Kenneth Roberts (1885-1957) wrote historical fiction and was very good at it. Wikipedia notes that "Roberts' historical fiction often focused on rehabilitating unpopular persons and causes in American history," among which was Benedict Arnold. I long ago read Roberts' Northwest Passage (1937), set during the French and Indian War, and his Oliver Wiswell (1940), a book that tells the story of the War for Independence from a Loyalist point of view. From a Kirkus review of Oliver Wiswell when it was first published:
...[H]ere is the first, so far as I know, full-bodied story of the American Revolution from the side of the Loyalists. .... [H]ere we see the story of a Civil War, when we have accustomed ourselves to think of the Colonies as putting up virtually a united front to England.

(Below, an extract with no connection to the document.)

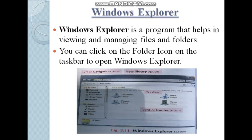Windows Explorer is a program that helps in viewing and managing files and folders. You can click on the folder icon on the taskbar to open Windows Explorer. In the taskbar, you can see a yellow colored rectangular icon that is called the folder icon. When you click on the folder icon, Windows Explorer opens.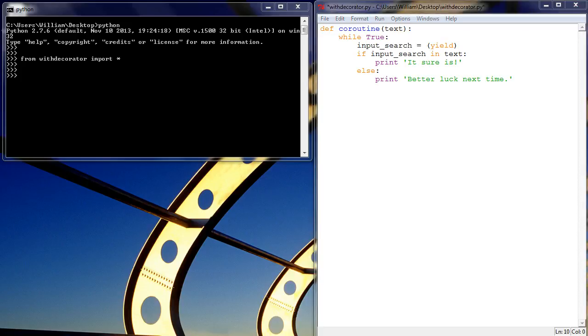Hi everyone, last time we created a coroutine which takes a string and then allows us to send via the send method on the coroutine object searches of combinations of letters,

We see in many parts of the country, a majority of the people, and everywhere a majority of the upper classes and the intelligentsia of their day, determined on finding a way out without bloodshed, and paying the price in being made victims of lawless mobs, incendiaries, pillagers, sadists of the worst type, thrust from their homes, tarred and feathered, tortured and often killed — all because they demanded their right to independence of belief in the face of a new kind of tyranny. Oliver Wiswell was a Yale undergraduate, who came home on the eve of his father's victimization — and who tells his story. .... This is no paean of praise for either side. He is extraordinarily objective, standing firm for an ideal, for a right, seeing the abysmal stupidity of both sides, but holding fast, fighting when need arose, for what the Loyalists believed in. .... Roberts has told great stories.... This is his best book.It is a book I really liked when I first read it and it almost made me sympathetic to the Loyalist cause. The book does what a work of historical fiction is supposed to do. And it certainly makes clear the cost of revolution.
I took the image above from the web. My copy lost its dust cover before I owned it.